夜中に地震の様な音がする。父が酔っ払って転んだ音。家族の誰も声をかけることはない。そんな日が続いていた。
ある日の夕方、母が大きな声を出していた。父が倒れて起き上がれずにいた。力が入らないと言っている。意識は朦朧としていた。
母や私の力では父を運ぶことはできず、近くに住む叔父を呼び、その後救急車を呼んだ。
電話をかけてから5分も経たないうちに救急車が到着した。3人の救急隊員。
母が状況を説明する。話を聞いた救急隊員は「こういうのは一人暮らしの人が多いんだけどね」と言っていた。
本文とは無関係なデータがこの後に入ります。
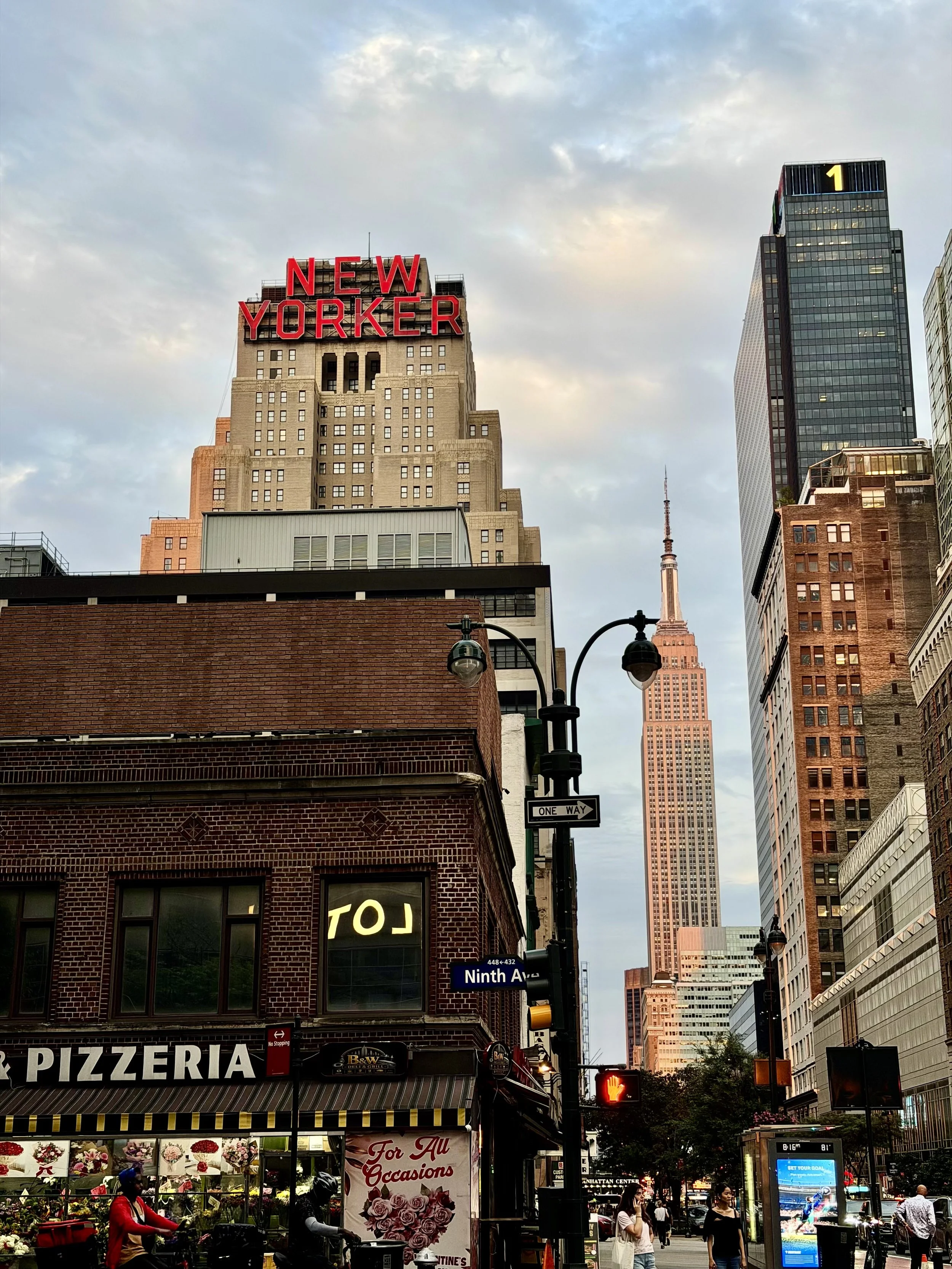 Street scene in New York City with the Empire State Building in the background, a New Yorker sign on a tall building, pedestrians on the sidewalk, storefronts, and traffic lights.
その後父は担架に乗せられ救急車へ運ばれた。それから受け入れてくれる病院が決まるまで1時間以上かかった。
家の前に集まっていた近所の人達には途中で帰ってもらった。
今は救急車に同席できるのは家族1人だけらしいので、姉私叔父は車で後を追い病院へ向かった。
病院へ到着すると、父はMRI等の検査を受けていた。
大事には至らなかったが父はそのまま入院。たくさんの書類に記入をして、家に戻ったのは0時を過ぎた頃だった。
肝臓が悪いことが分かったが、運ばれた病院には消化器科がないため、2日後別な病院に転院した。私も一度着替えを持って病院に行ったが、今は面会できないので看護師さんに預けるだけだった。
それから約3週間で退院した。後日手術をするためにまた入院するらしい。
2回目の入院前の検査の日、たまたま仕事が休みだったので、私が車で病院に連れて行くことになった。
私が18で免許を取ってから父親を車に乗せるのは初めてのことだった。歴史的な日だ。
診察で担当の先生に、手術に影響が出るから酒もタバコもやめるように言われた。果たしてこの人が酒もタバコもやめられるんだろうか。自分が救急車で運ばれたときの記憶はないらしい。
父は退院してから、今まで放置していた庭の松の手入れをしたり、仕事に対する意欲を見せているらしい。前よりも母と話しているのを見るようになった。父は耳が遠いので一度で話が通じず母はイライラしているが、ちょっと家族っぽいなと思った。
最近まで父と母が話しているのをほとんど見なかった。私と姉もほとんど父と会話はない。同じ家に住んでいるが、まるで他人の様だった。
父を見ていると、本当にこの人と血が繋がっているのかと絶望の様な気持ちになる。他人に怒りを感じるときにはやっぱりあの人の娘かと思うこともある。でもその割にはグレずにここまで来れたとも思う。
父親が優しい家族が羨ましい。家族全員仲の良い関係が羨ましい。父親を尊敬できる人が羨ましい。私は父と外食に行った記憶がない。家族旅行にも行ったことがない。
入院したことで会話せざるを得ない状況になった。それだけで家族っぽいと思える。会話がなかった頃に戻るのは時間の問題だろうな。
普通の家族に憧れる。両親のような関係にはなりたくないと強く思う。